Figure 1: Examples of Flank Loyd Wright Architecture

According to a recent Gartner study, 81% of marketers expect to compete mostly (or entirely) based on customer experience. Yet, your organization will not have a sound marketing strategy unless it ensures the customer experience design is personalized, implemented accordingly, and can show return on investment. Service Design Thinking – the codified approach to your customer experience strategy – works wonders at actually achieving a fully-formed design. What’s missing, however, is an end-to-end process that captures all the necessary steps towards implementing an effective customer experience. Accelare’s Purpose Driven Customer Experience (PDCX) uses a process involving specific stages, steps, and artifacts, similar to the architectural design process to combine the concepts of Service Design Thinking, behavioral economics, and Accelare’s Strategy to Execution methodology.

How to Put an Architect’s Twist on the Customer Experience Design Process

In the construction world, architects oversee how the structure is designed and ensure the design is met.

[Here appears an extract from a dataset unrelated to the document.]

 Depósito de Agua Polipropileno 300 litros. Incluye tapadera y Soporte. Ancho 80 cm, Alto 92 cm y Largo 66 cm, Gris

The architect’s role is broken down into a multi-step process called the Architectural Design Process. Essentially, the architect will start by laying out the general idea of what the homeowner wants, followed up by more detailed designs of the home, and later ensures the construction of the house meets the intended design.

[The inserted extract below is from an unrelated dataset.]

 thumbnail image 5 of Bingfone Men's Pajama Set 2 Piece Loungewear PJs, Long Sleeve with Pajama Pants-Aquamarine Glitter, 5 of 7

An Architect’s Take on Customer Experience Design

Figure 2: The Three States of Customer Experience Design

To become the Frank Lloyd Wright of CX design in your organization, you will follow a comparable method, using a multi-stepped process broken down into 3 key stages:

  1. Customer Journey Mapping

    In the Customer Journey Mapping stage, you will work with the business owner
    to outline what they want the service to do. To do this effectively, you will need to outline:

    – Who you are targeting
    – What are the actions you want them to take
    – How you are going to get them to conduct each action

    Start the customer journey mapping by working with the business owner to gather a complete list of the features needed as part of the service offering.This will help establish the vision for the service. Next, create detailed customer personas capturing the psychographic traits of how your customers think, what motivates them, and what their values and attitudes are. Using a customer journey map, define key customer experience touch points or high-level phases of your interaction with the customers. While thinking about how to guide your customer to overcome cognitive biases, define the desired actions you want them to take at each touchpoint.
  2. Service Blueprint Design

    In the Service Blueprint Design stage you will develop a detailed flow diagram representative of the service provided. Much like an architect would work with engineers and experts of different disciplines like plumbers or electricians to develop their own layered set of blueprints, so should you. Start by using the customer personas to document what the customer is thinking, feeling, doing, and saying for each of the desired customer actions. Now you can work with subject matter experts (SMEs) across your organization to build service blueprints that reflect external and internal actions as your company works together to fulfill a service offering.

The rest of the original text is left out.